Earlier this month, the Obama administration released its final Clean Power Plan (“Plan”), a comprehensive set of rules and standards geared toward decreasing carbon emissions from coal- and gas-fired power plants and combatting global warming. The Clean Power Plan focuses on the nation’s largest carbon emitter, the electricity sector, which in 2013 accounted for an estimated 31% of U.S. greenhouse gas emissions. New York Governor Andrew Cuomo has expressed strong support for the Plan, stating, “The President’s Clean Power Plan is a visionary step forward for our nation, and it provides a robust and equitable approach to reducing America’s carbon pollution. Here in New York, we have embraced the challenge of climate change with a commitment to cut harmful carbon pollution by 40 percent by 2030, and I look forward to working alongside our partners in the federal government to bring about a cleaner, safer future for all.” New York must submit a strategy to implement the Clean Power Plan to EPA by September 16, 2016.

Under the Plan, each state will be responsible for achieving individualized carbon-reduction goals by 2030. Each goal is based on energy production, rather than energy consumption, and in consideration of the great variety of energy sources utilized across the country, states will have the opportunity to develop individualized plans in order to best implement the standards and to achieve the necessary reduction in carbon emissions. In order to ensure that the new standards do not negatively impact electricity reliability, each final plan must include a demonstrated consideration of its potential impact on reliability. In addition, EPA believes that both the 15-year timeframe for the states to develop and implement the necessary changes, in addition to the permitted flexibility in implementing the plans, provide ample opportunity for states to ensure that any changes do not impair electricity reliability. EPA has described the Plan as both flexible and fair, and estimates that by 2030, the Clean Power Plan will reduce the power sector’s carbon pollution by 32% below 2005 levels.

Since the release of the Clean Power Plan, critics have questioned both its potential effectiveness and its legality.
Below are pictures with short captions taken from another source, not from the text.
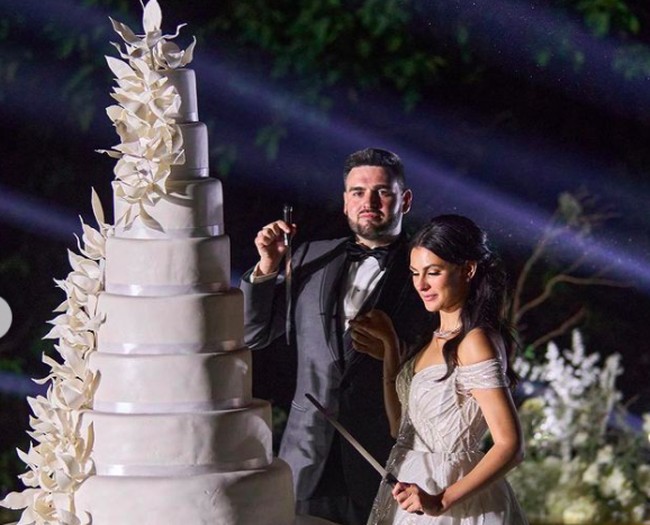 Di tengah pandemi saat ini, pasangan tersebut pun masih mengadakan pesta super mewah dengan ratusan tamu undangan. Maria menyediakan jet pribadi untuk menjemput 200 tamu undangan. Foto: Instagram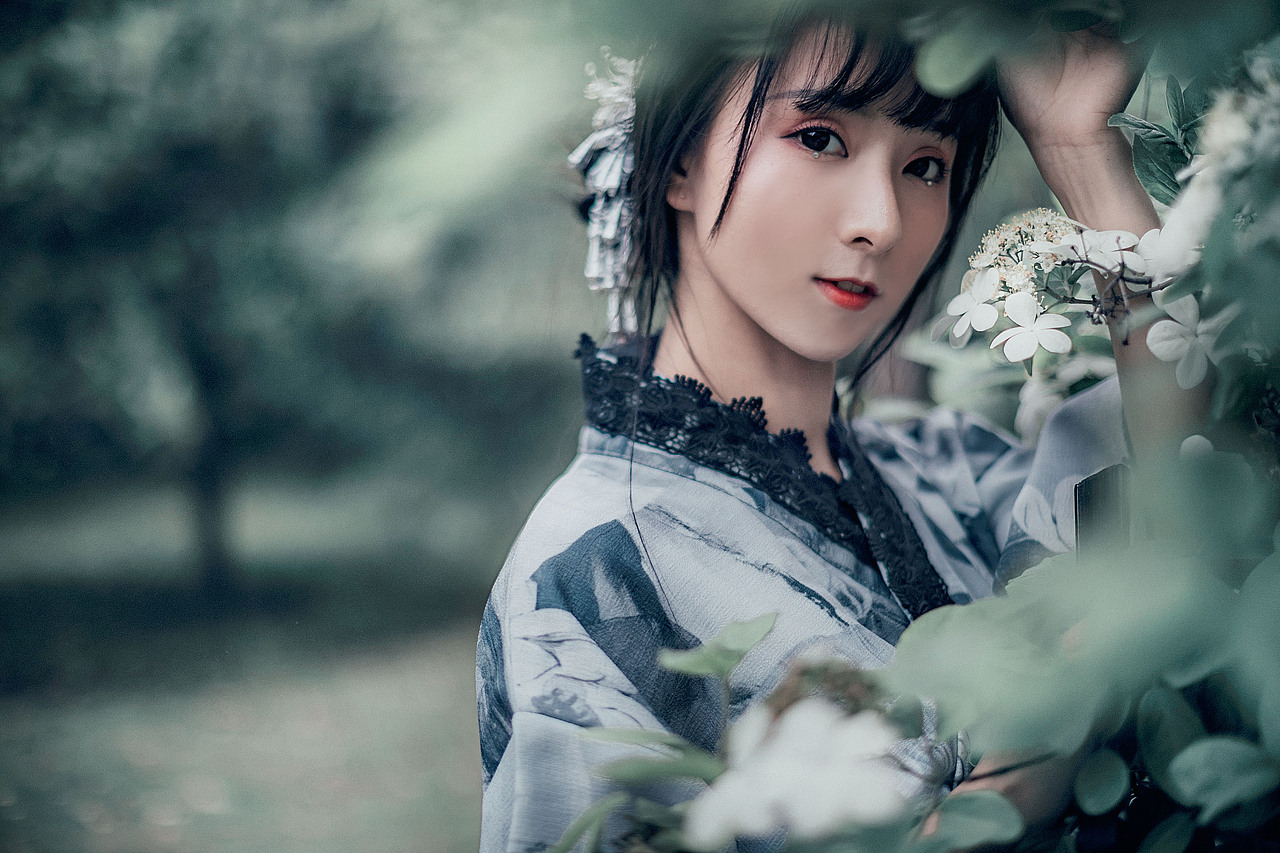 和服 绣球花 （第一次来站酷玩，嘿嘿）（图ZMTEzMDMzMTIw） - 人像摄影 - 站酷设计师李子木LZM原创素材 - 站酷ZCOOL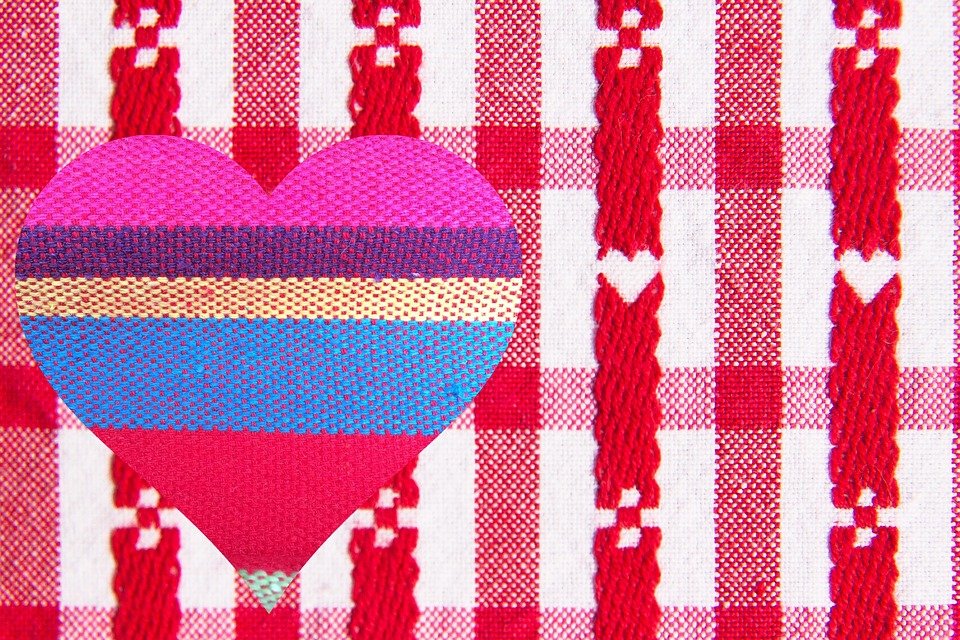Adrianʼs Cadar Ropol Patchwork: Warna Dan Corak Menarik Untuk Anda.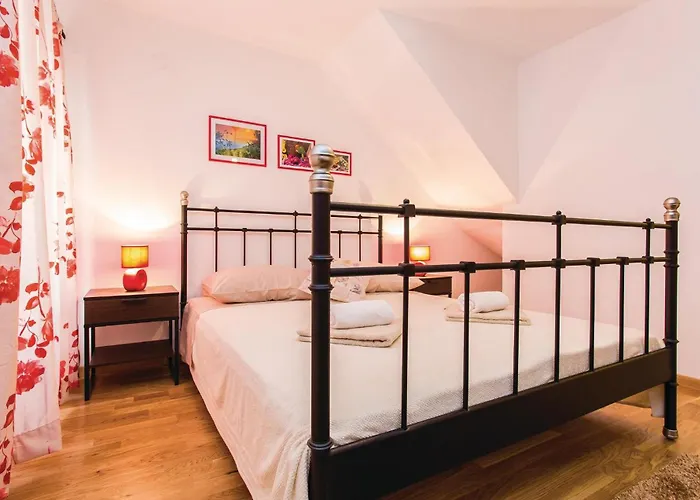 아파트 1 Bedroom In 비르브닉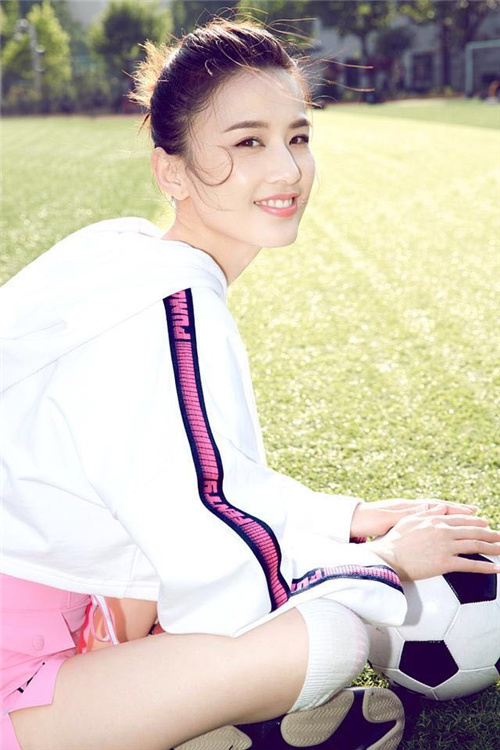 黄圣依带儿子踢足球却被一双大长腿抢镜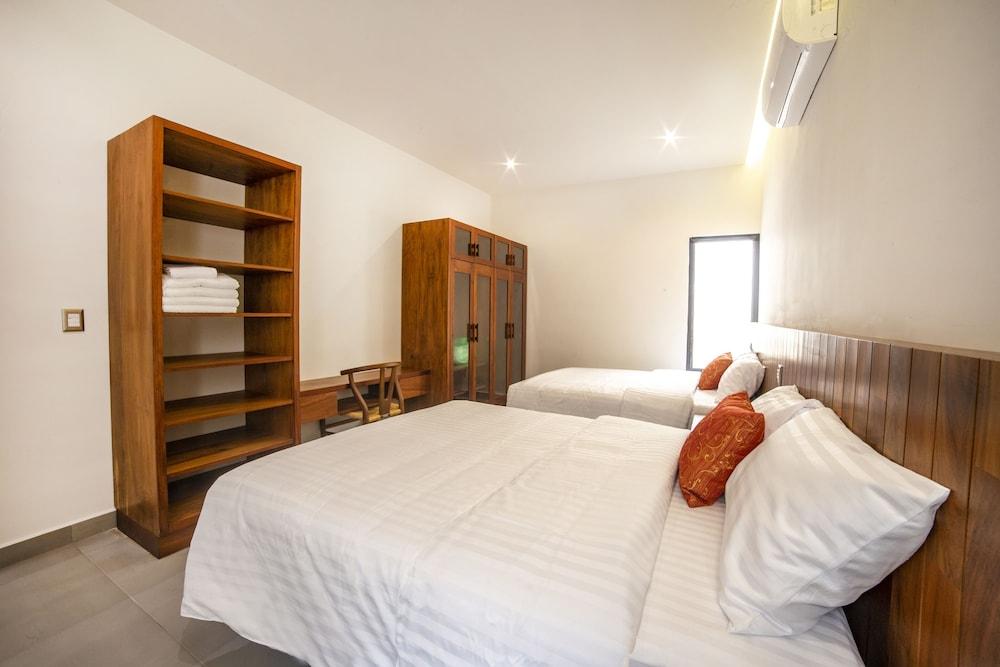 Deluxe Apartments Azure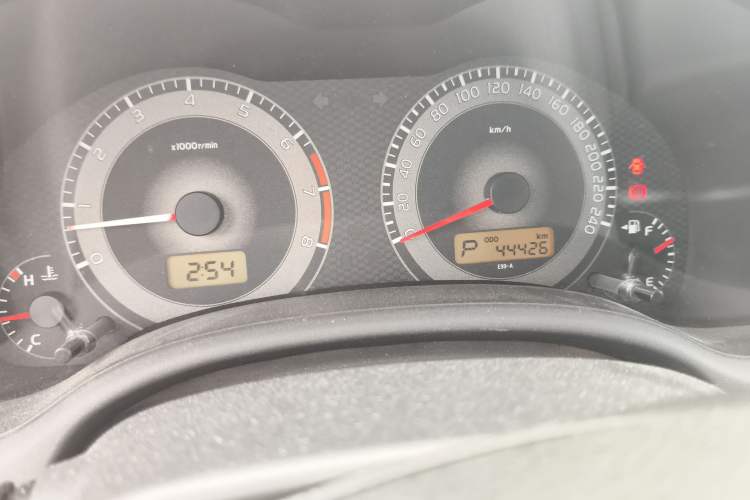 Used Toyota Corolla 2012 Luxurious Edition 1.6L Automatic GL Odometer Close Up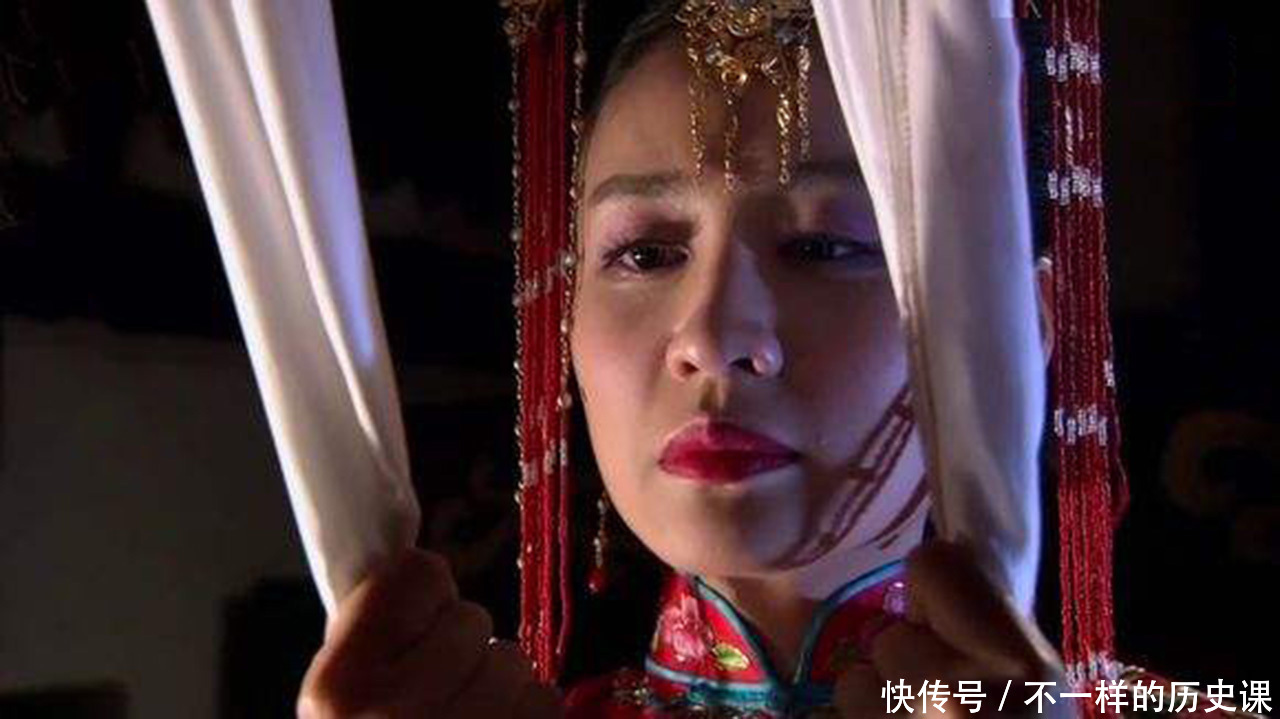 公主新婚三天自杀身亡,侍女解开衣裙真相大白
Late last week, a group of state attorneys general filed an emergency petition to delay the effective date of certain rules within the Plan, pending judicial review. The group finds fault with provisions of the Plan that require submissions of initial state implementation plans by September 6, 2016, rather than allowing each state a certain amount of time to submit plans following the publication of the final rule in the Federal Register. Failure to submit an approved plan by the deadline will result in the implementation of a federal plan. Fifteen states have also requested a stay of the final rule, stating that the EPA has intentionally delayed publishing released rules in the past.